## REQUIRED ACTION
Print every line below exactly. Skip the pictures.

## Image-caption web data
****

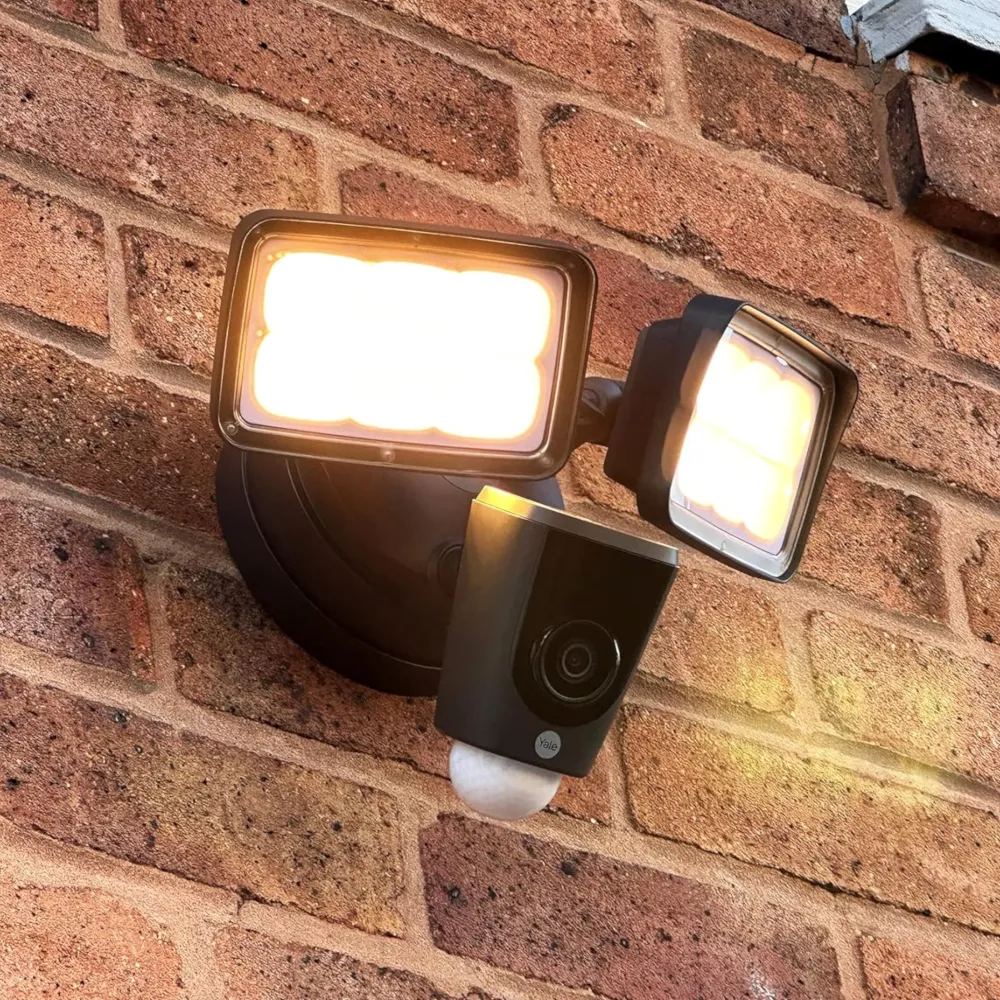 Yale Floodlight Camera - Black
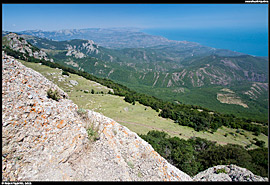 Krymské hory (Крымские горы) - pohled z Jižní Demerdži východním směrem na pobřeží Černého moře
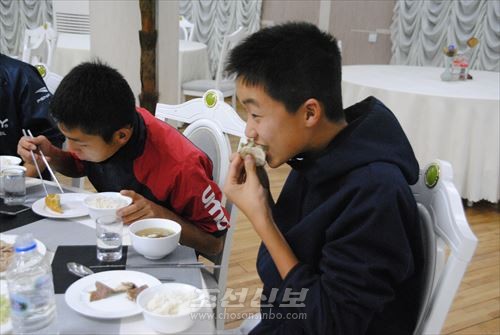 군고구마를 즐겨먹는 학생들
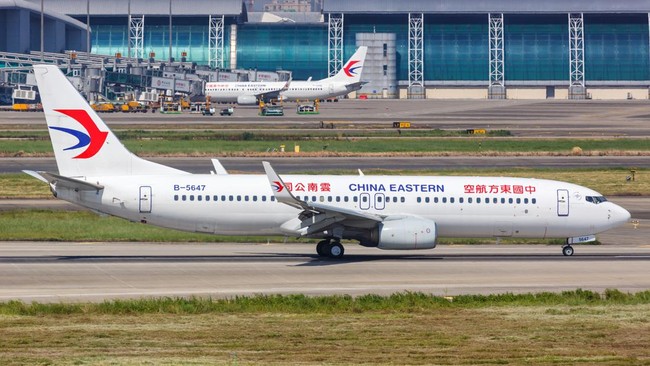 Presiden China Xi Jinping mengaku syok mengetahui kabar kecelakaan pesawat China Eastern Airlines, Senin (21/3) waktu setempat.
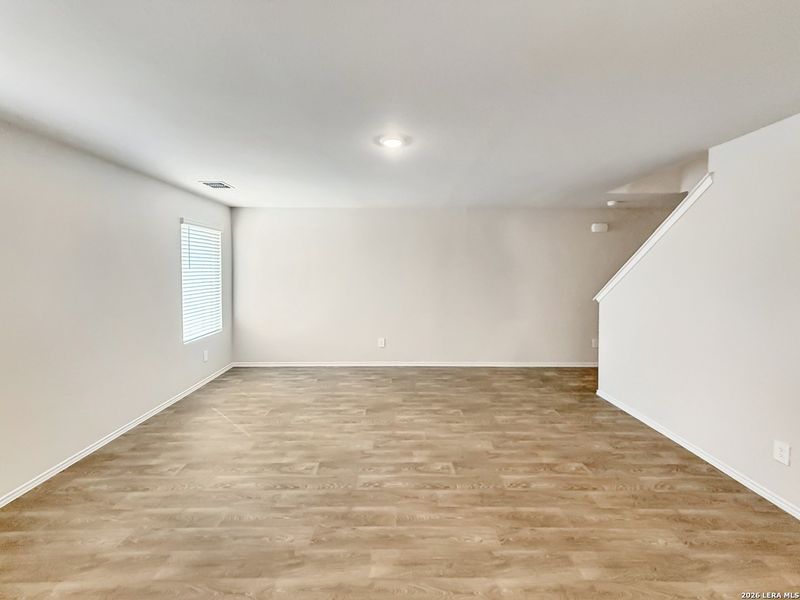 Spacious, unfurnished interior of a new home in Spring Valley, New Braunfels (Image 18).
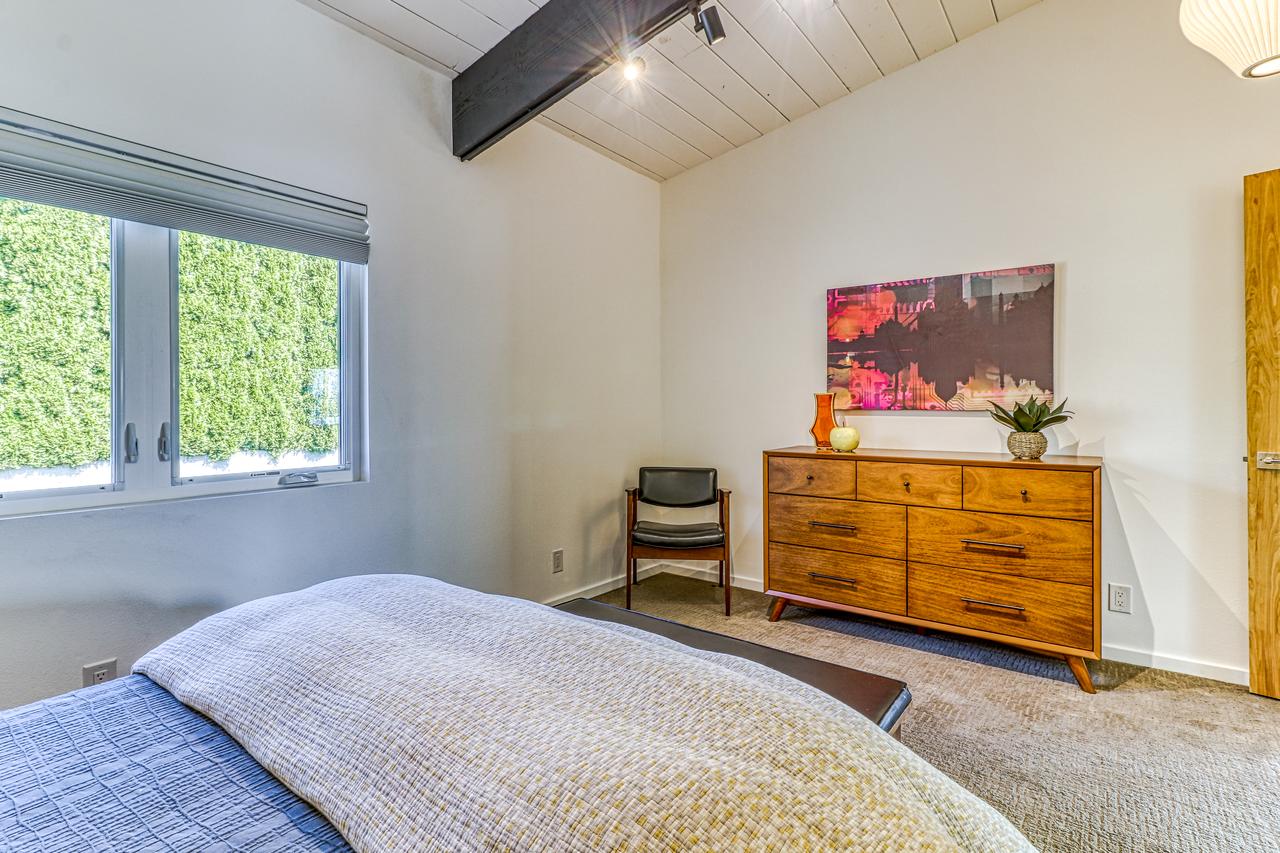 Modern Columbia River View Splendor - thumb 26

****

## SOLUTION TO THIS PROBLEM
 Yale Floodlight Camera - Black
 Krymské hory (Крымские горы) - pohled z Jižní Demerdži východním směrem na pobřeží Černého moře
 군고구마를 즐겨먹는 학생들
 Presiden China Xi Jinping mengaku syok mengetahui kabar kecelakaan pesawat China Eastern Airlines, Senin (21/3) waktu setempat.
 Spacious, unfurnished interior of a new home in Spring Valley, New Braunfels (Image 18).
 Modern Columbia River View Splendor - thumb 26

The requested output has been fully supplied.